To output the numpy array to a raster (e.g. a geotiff), you need to make use of the gdal python bindings.
Irregularly gridded points
Often, your data won’t be regularly spaced. Now you need to consider methods specifically dealing with this, including the conversion of your points to regularly gridded data, which will require averaging or some sort of function. What if multiple points fall within the area of a raster cell?
R Code
Using R, irregular points can be converted to a grid using raster’s rasterize
function.
library(raster)
library(sp)
f<-"/your/path/irregular_points.xyz"
pts <- read.table(f, header=FALSE, col.names=c("x", "y", "z")) # change accordingly - use read.csv for a csv!
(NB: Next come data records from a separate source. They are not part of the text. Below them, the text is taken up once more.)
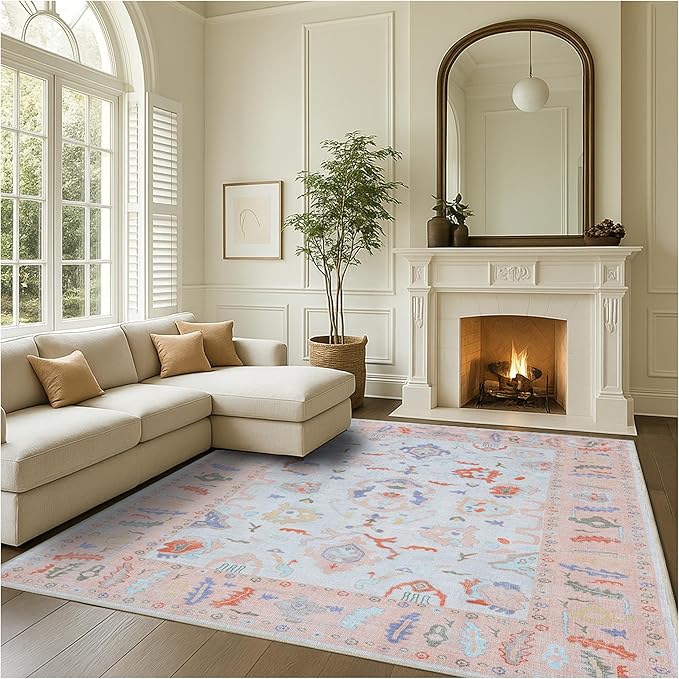 Fame Rugs Modern Oushak Rug 3x5, Washable Vintage Turkish Colorful Oriental Antique Inspired Foldable Small Area Rugs, Luxury Living Room Bedroom (995BO, 2'6" x 5')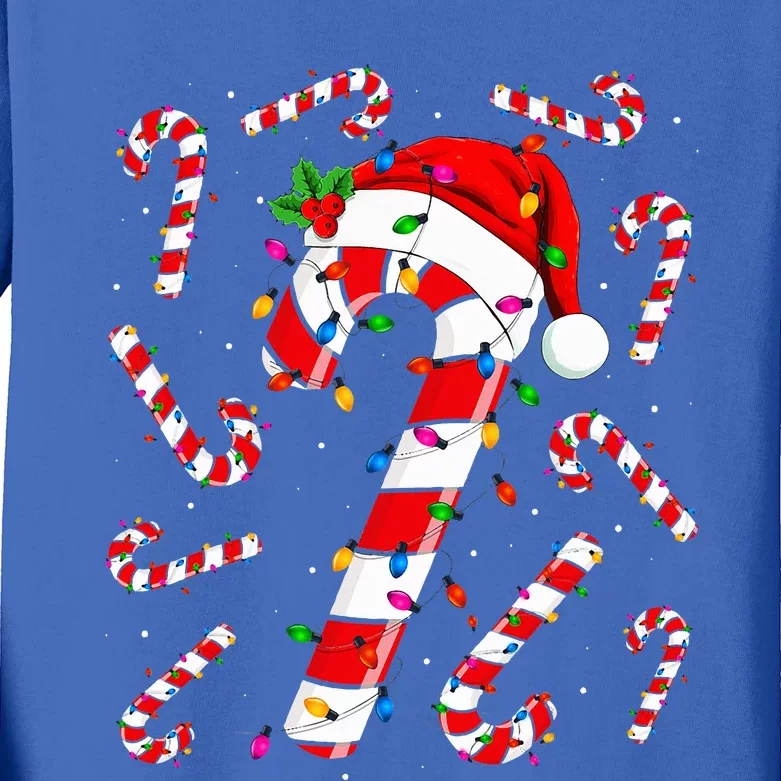 Red and White Candy Cane Santa Christmas Funny Xmas Lights Kids Long Sleeve Shirt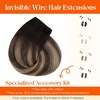 image:imageSunny Hair Wire Hair Extensions Real Human Hair Adjustable Line HairpieceC2 1B427 Black Ombre Brown Balayage Caramel Blonde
# create a SpatialPointsDataFrame
coordinates(pts) = ~x+y
# create an empty raster object to the extent of the points
rast <- raster(ext=extent(pts), resolution=250)
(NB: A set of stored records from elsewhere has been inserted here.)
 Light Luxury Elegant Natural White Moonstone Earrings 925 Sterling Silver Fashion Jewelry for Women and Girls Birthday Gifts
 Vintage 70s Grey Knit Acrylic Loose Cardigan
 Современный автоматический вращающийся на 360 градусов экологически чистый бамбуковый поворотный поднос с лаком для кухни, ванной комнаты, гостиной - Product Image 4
# rasterize your irregular points
rasOut<-rasterize(pts, rast, pts$z, fun = mean) # we use a mean function here to regularly grid the irregular input points
#write it out as a geotiff
fout="my_raster.tif"
writeRaster(rasOut, fout, format="GTiff")
Python equivalent…
The equivalent in python can again be achieved using numpy a fantastic overview of the process again available here from Joe Kington. To summarize, irregular points can be binned onto a grid through use of numpy’s histogram function:
import numpy as np
import matplotlib.pyplot as plt
# Make some random data
np.random.seed(1977)
x, y, z = np.random.random((3, 50))
# Bin the data onto a 10x10 grid
# Have to reverse x & y due to row-first indexing
zi, yi, xi = np.histogram2d(y, x, bins=(10,10), weights=z, normed=False)
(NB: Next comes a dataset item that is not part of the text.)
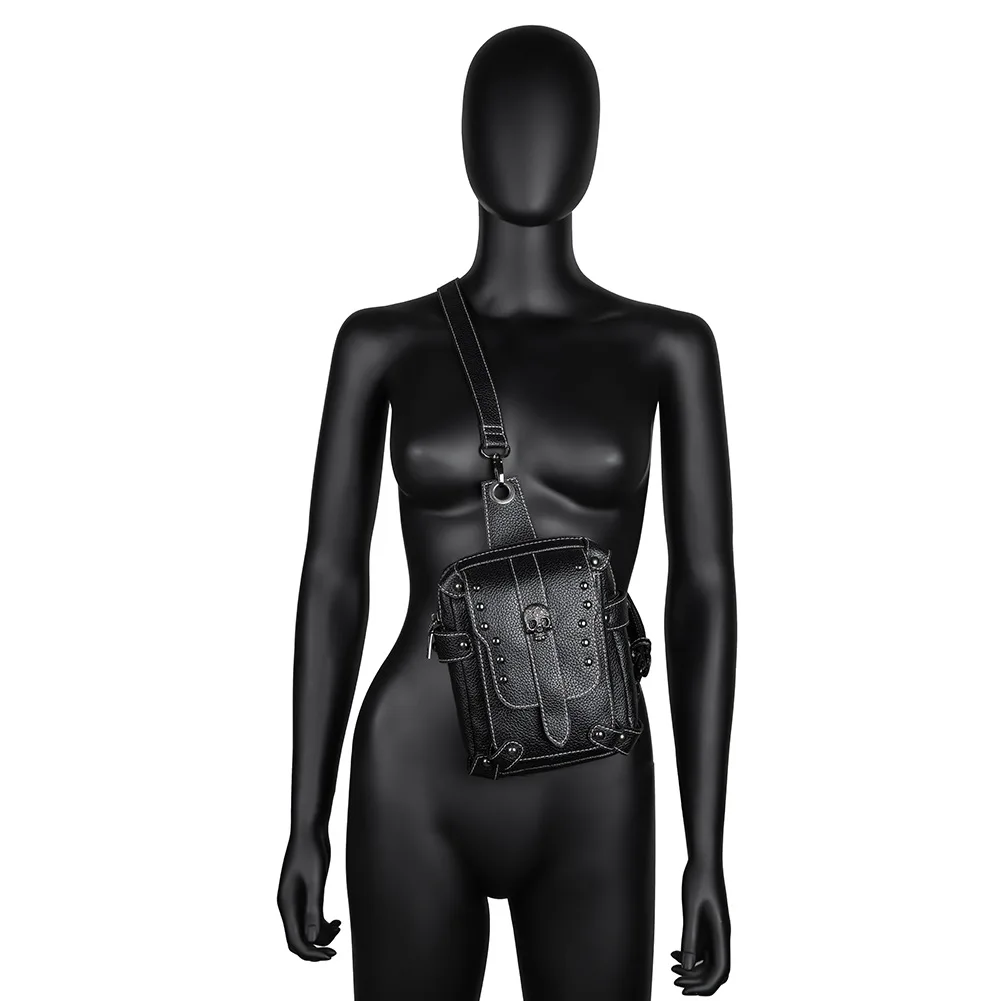 Steampunk Vintage Rivet Biker Bag One Shoulder Crossbody Women's Motorcycle Mobile Phone Wallet Underarm Bag
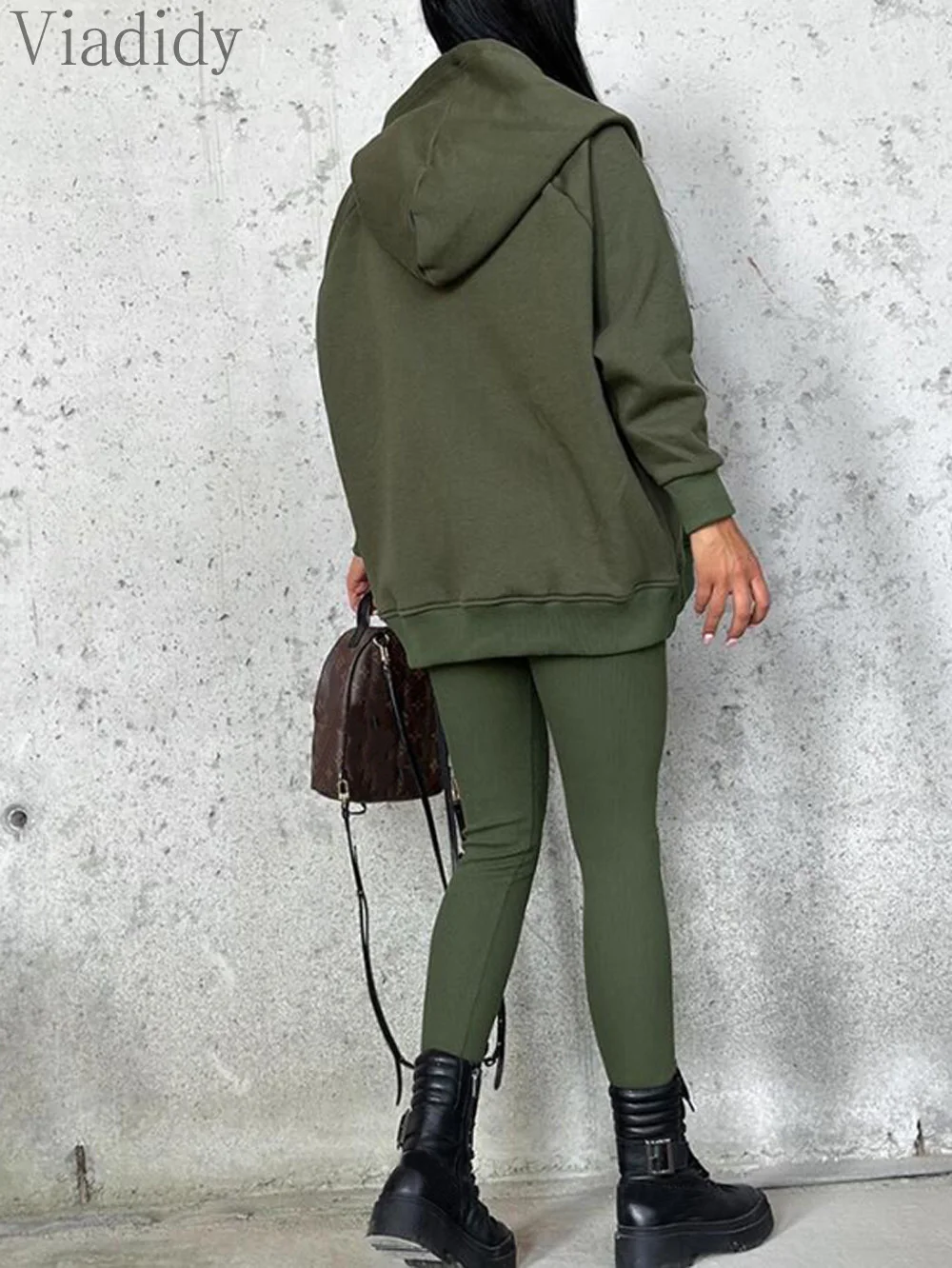 Women Casual Solid Color 3pcs Set Solid Color O-neck Tank Top and Pants With Long Sleeve Hooded Coat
counts, _, _ = np.histogram2d(y, x, bins=(10,10))
zi = zi / counts
zi = np.ma.masked_invalid(zi)
#plot it
fig, ax = plt.subplots()
ax.pcolormesh(xi, yi, zi, edgecolors='black')
scat = ax.scatter(x, y, c=z, s=200)
fig.colorbar(scat)
ax.margins(0.05)
plt.show()
Which looks like this:
Again, to get this into a geotiff, have a look at the gdal python bindings.